In the reply, give back exactly the lines from the one with "Een ruime woonkamer" through the last line of the records, without pictures.

===== INFORMATION PROVIDED

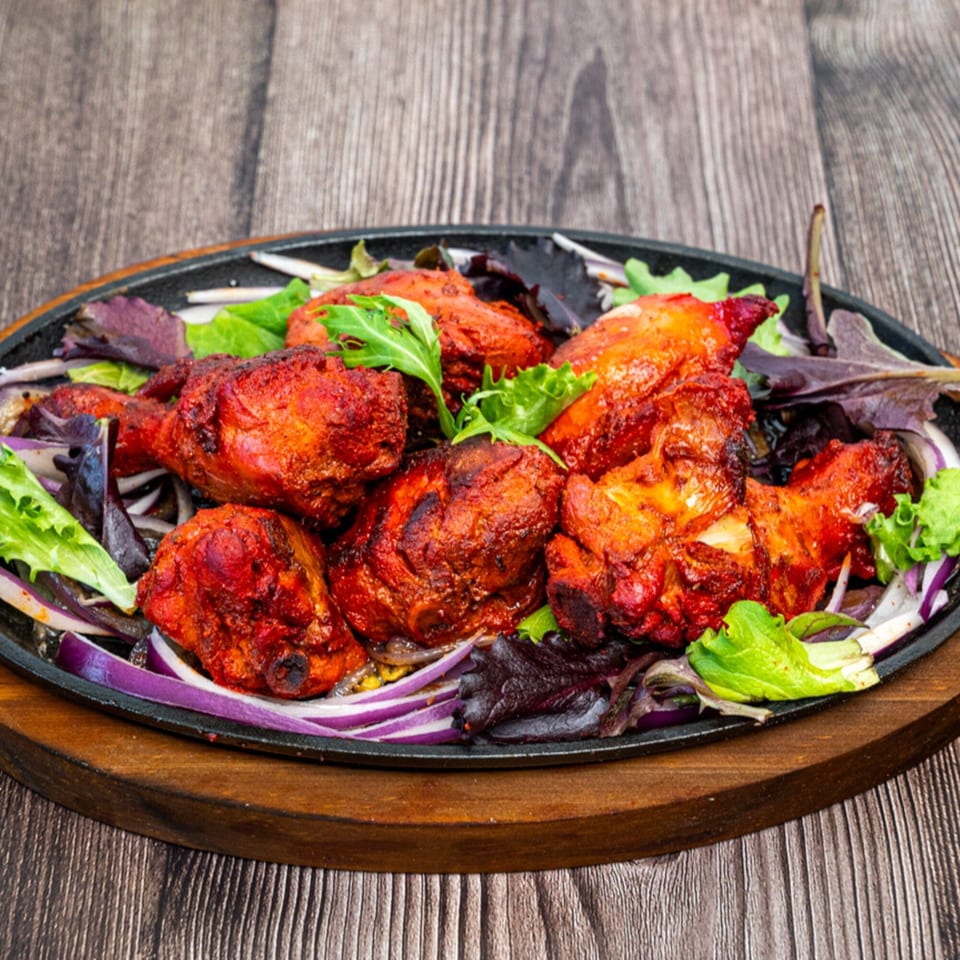 Sizzling tandoori chicken drumsticks with red onions and lettuce on a black platter.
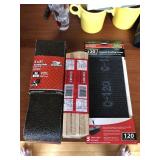 Sanding belts and screens. Two packs of shims.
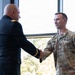 Two U.S. Army personnel are shaking hands in what appears to be an official or ceremonial setting. One individual is wearing a formal Army Service Uniform (ASU) in dark blue, while the other is wearing Operational Camouflage Pattern (OCP) combat uniform with the name tape 'BERGERON' and U.S. Army tape visible. The setting appears to be an indoor facility with large windows in the background.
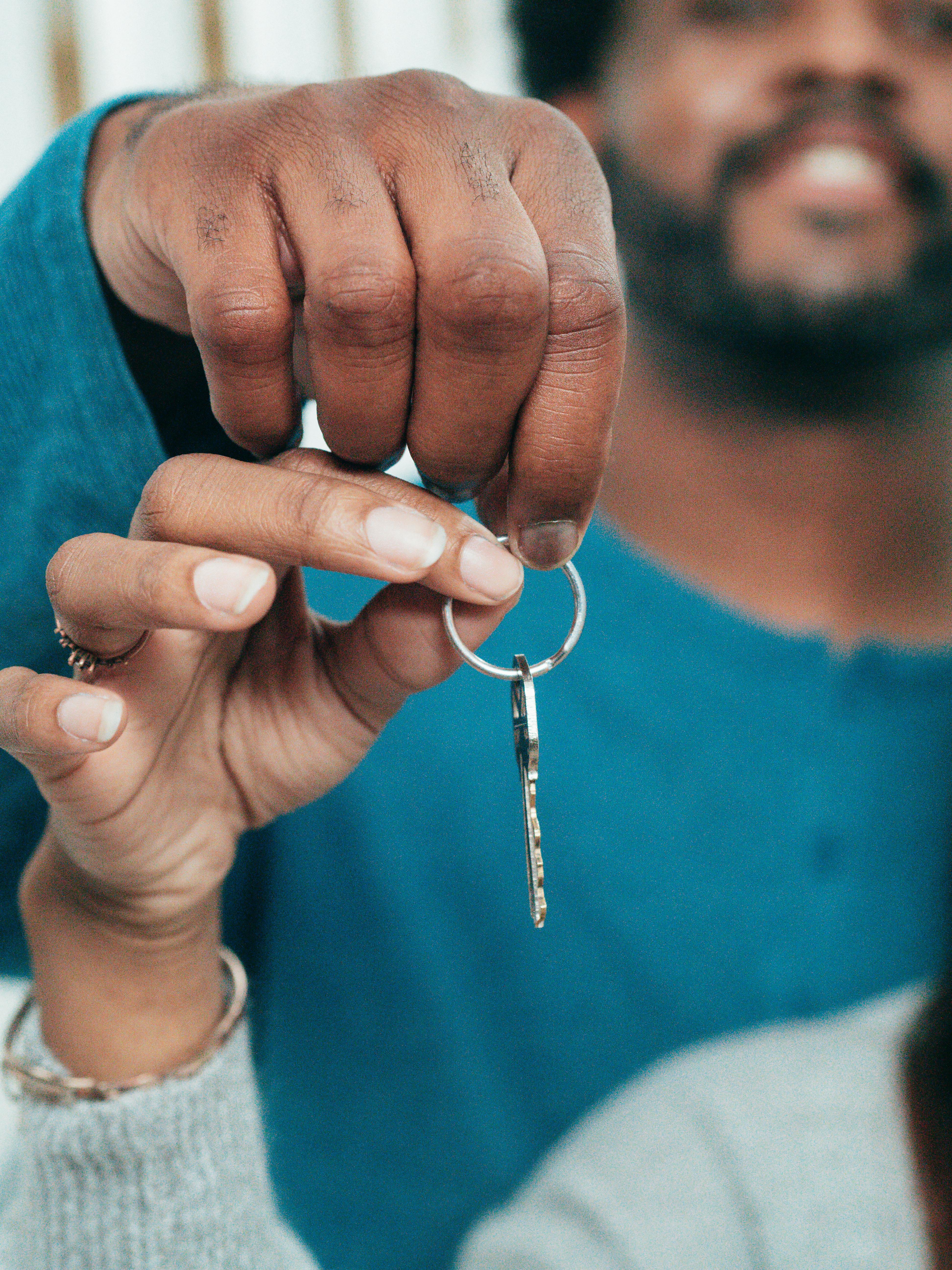 people holding a key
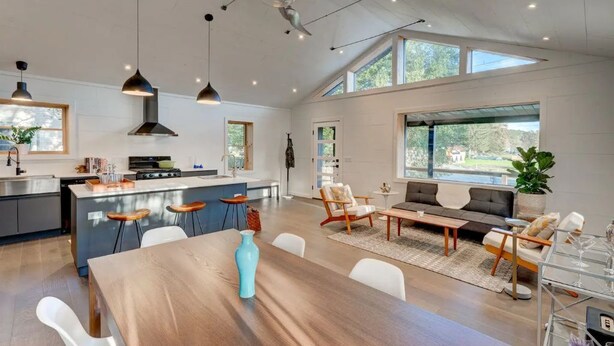 Een ruime woonkamer met een eettafel, een bank en een keuken op de achtergrond.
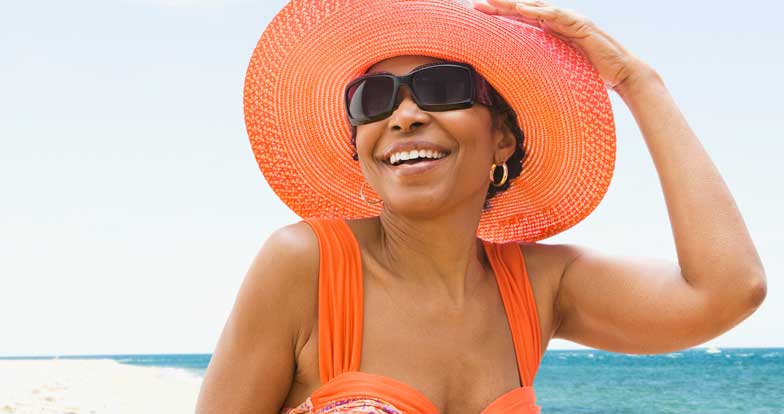 Woman wearing orange hat and sunglasses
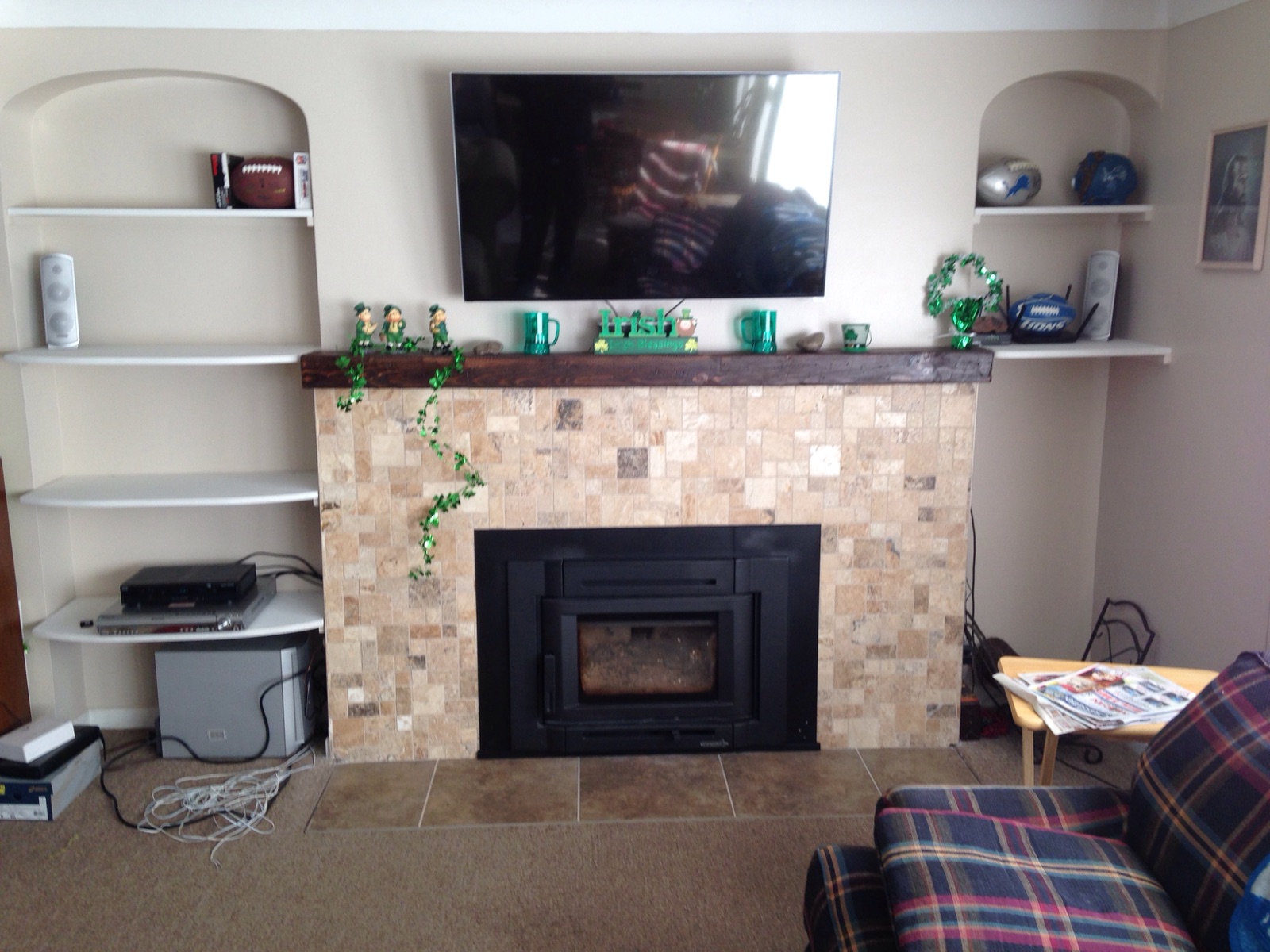 gas fireplace with light stone surround and wooden mantel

==========

SOLUTION FOR THIS TASK:
 Een ruime woonkamer met een eettafel, een bank en een keuken op de achtergrond.
 Woman wearing orange hat and sunglasses
 gas fireplace with light stone surround and wooden mantel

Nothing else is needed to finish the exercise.